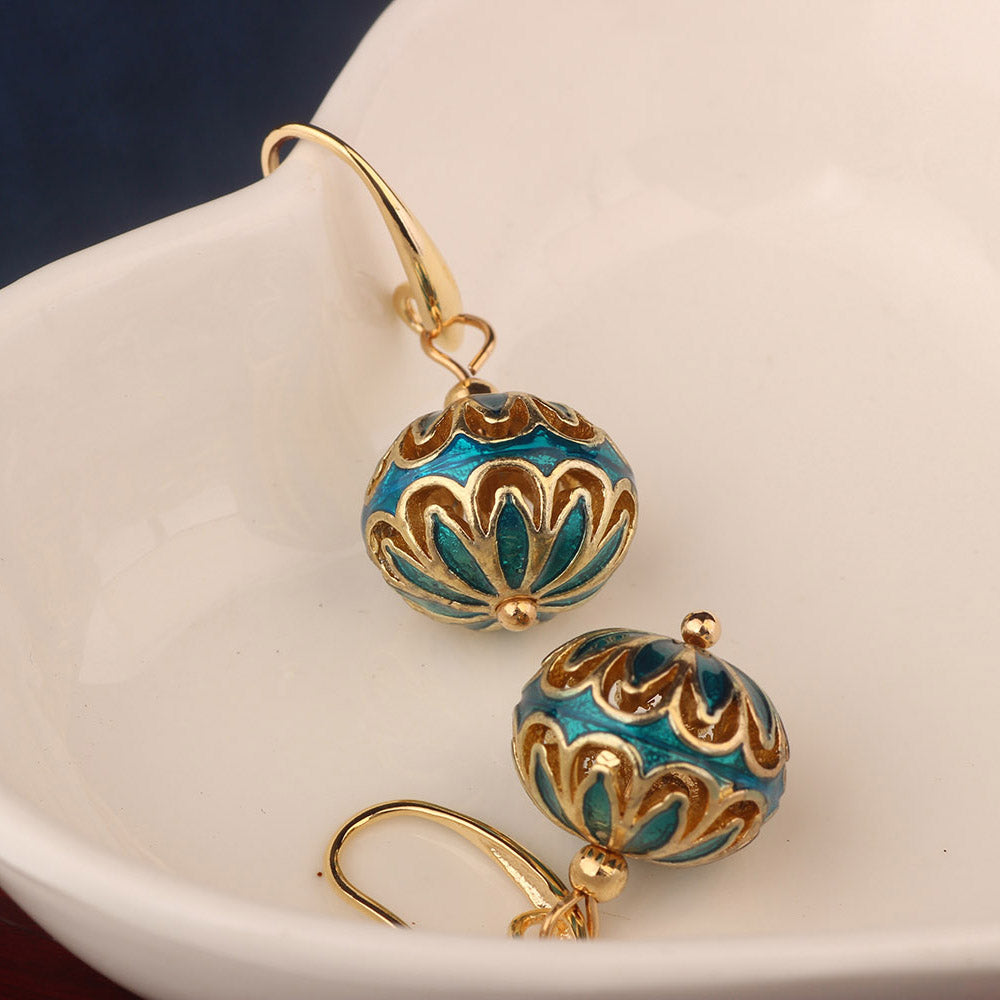 Ethnic Sky Blue Cloisonne Earrings Vintage Flower Round Drop Earrings for Women and Girl Jewelry
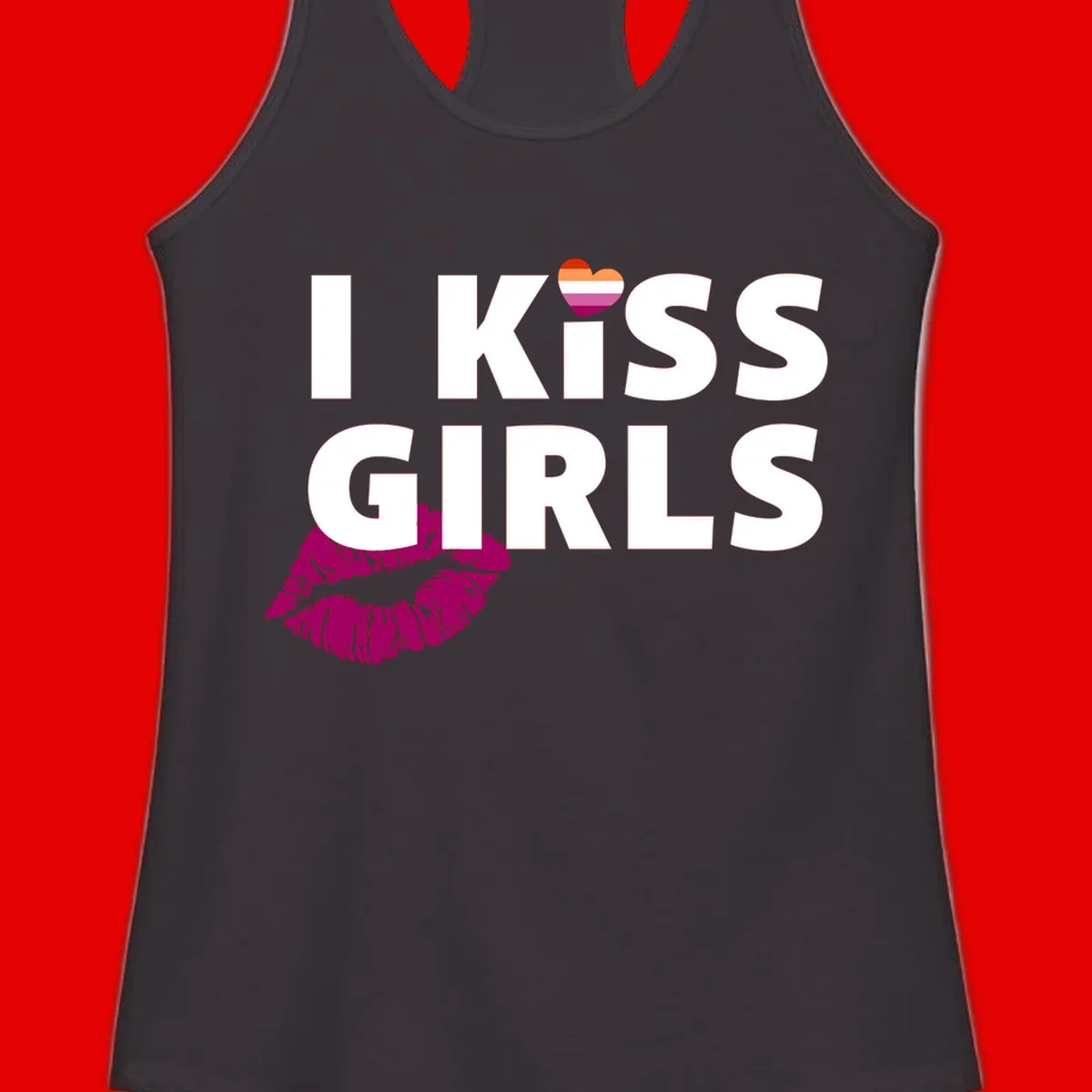I Kiss Girls pride design with magenta lip print, rainbow heart, and bold white lettering celebrating lesbian identity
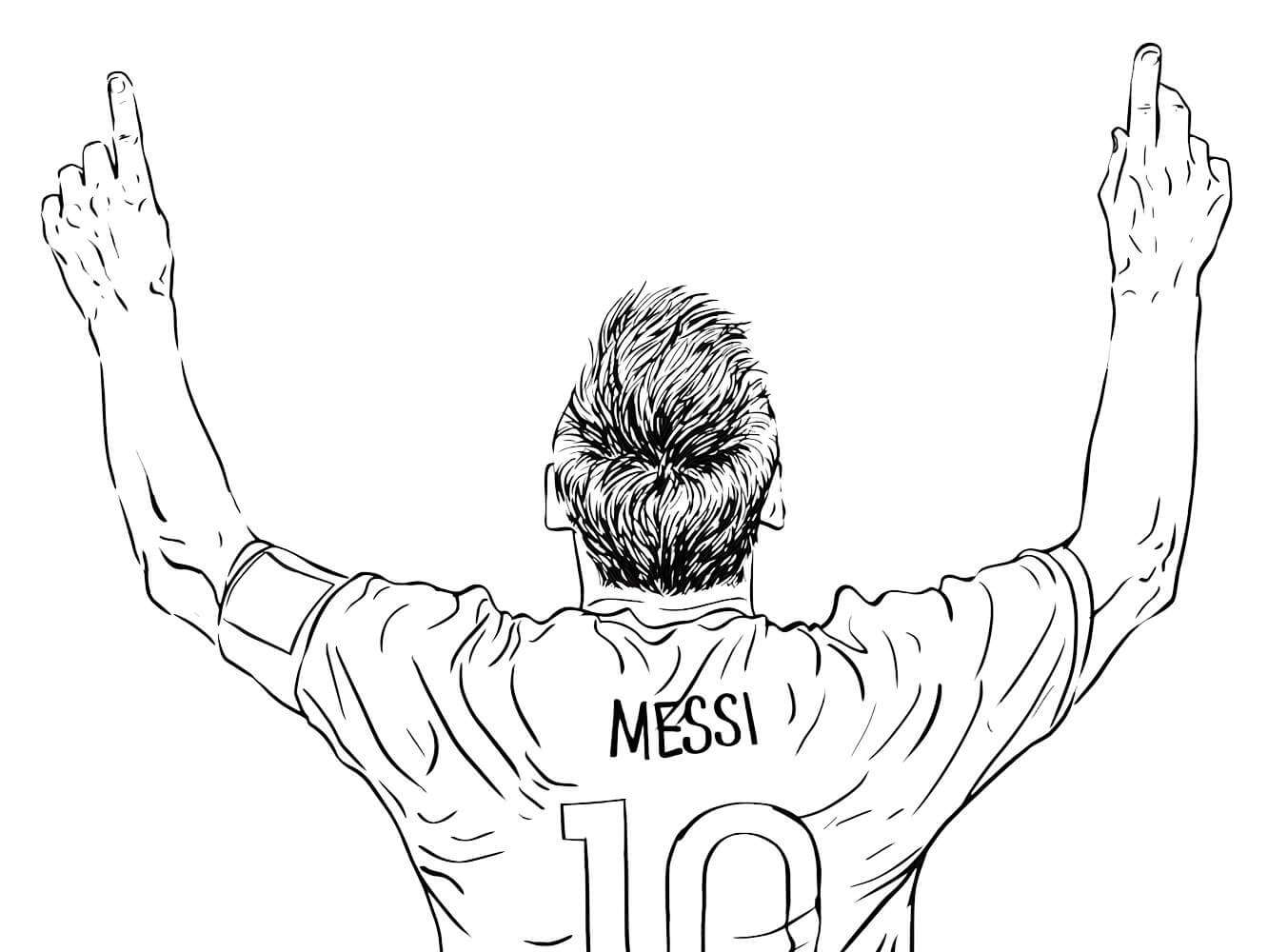 Dibujo de Basíco Lionel Messi para Colorear y Imprimir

★ ★ ★ ★ ★ ★ ★

_Problem to work on_
Copy out the material above in full and exactly, but with no pictures.

_Answer to the exercise_
 Ethnic Sky Blue Cloisonne Earrings Vintage Flower Round Drop Earrings for Women and Girl Jewelry
I Kiss Girls pride design with magenta lip print, rainbow heart, and bold white lettering celebrating lesbian identity
 Dibujo de Basíco Lionel Messi para Colorear y Imprimir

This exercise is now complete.